Chief Operating Officer BPI Danantara sekaligus Kepala BP BUMN, Dony Oskaria mengaku masih harus mengecek lebih lanjut mengenai wacana aksi korporasi tersebut. Menurutnya,
merger merupakan bagian dari strategi internal perusahaan.
“Nanti saya cek bagaimana karena itu kan aksi korporasi. Bukan aksi pemegang saham, jadi kita mesti cek di internal mereka apakah itu bagian dari komponen strateginya,” ujar Dony usai menghadiri rapat di Gedung DPR RI, Senayan, Jakarta, Senin, 31 Agustus 2026.
Kendati demikian, Dony menilai konsolidasi atau
merger antara BUMN dengan perusahaan swasta merupakan hal yang lumrah, sepanjang sesuai dengan peta jalan (
roadmap) bisnis perseroan.
“Mungkin saja kan, enggak ada masalah selama itu bagian dari
roadmap. Saya belum tahu, nanti saya mesti cek,” jelasnya.

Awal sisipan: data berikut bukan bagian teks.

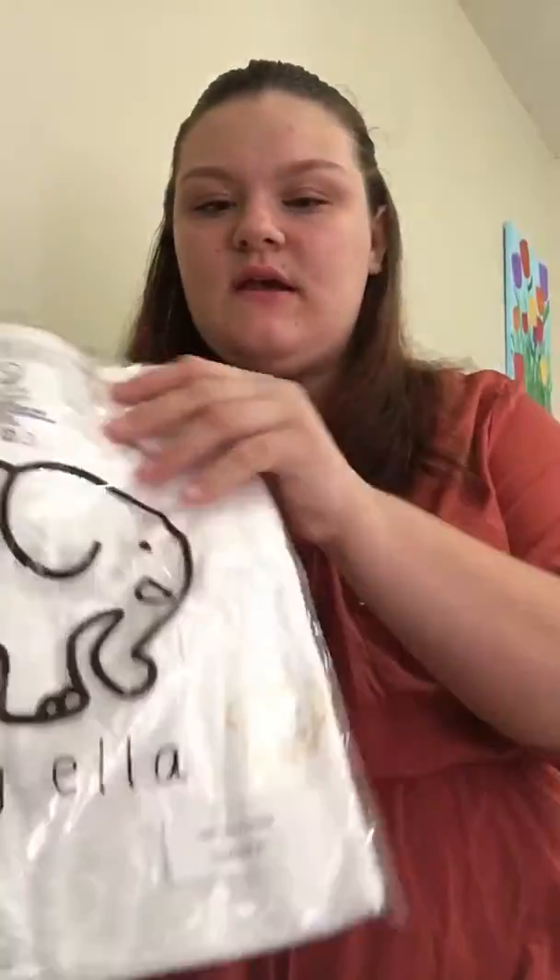It's a shirt from Ivory Ellen. This is what it comes in — I've never gotten a shirt from Ivory Ellen before. I expected it to be a lighter color, but it's still pretty. It has this design on the pocket, and this is what the whole entire shirt looks like. If you turn it around, it has this gold elephant with 'Ivory Ellen' on it. It's like a high-low shirt, if you know what that is.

Ia menegaskan, keputusan mengenai
merger berada di level operasional dan manajemen induk usaha, yakni PT Telkom Indonesia Tbk.
“Pada dasarnya setiap perusahaan punya rencana kerja masing-masing. Nanti coba ditanyakan ke Telkom ya, bagaimana prosesnya karena mereka punya hierarki. Sampai saat ini masih di level mereka,” tutur Dony.
Secara terpisah, pihak PT Telkom Indonesia (Persero) Tbk menegaskan bahwa Mitratel secara berkala memang mengevaluasi berbagai opsi strategis demi ekspansi bisnis dan peningkatan nilai perusahaan. Namun, Telkom belum membenarkan adanya kesepakatan
merger dengan TBIG.
"Terkait informasi spesifik tersebut, saat ini perseroan belum dapat memberikan komentar lebih lanjut," kata SVP Group Sustainability & Corporate Communication Telkom, Ahmad Reza.
Kabar mengenai merger Mitratel dan TBIG ini bukanlah yang pertama kali berembus. Wacana serupa sempat mencuat pada 2015 lalu, namun batal terealisasi karena tidak mendapatkan persetujuan dari pemegang saham.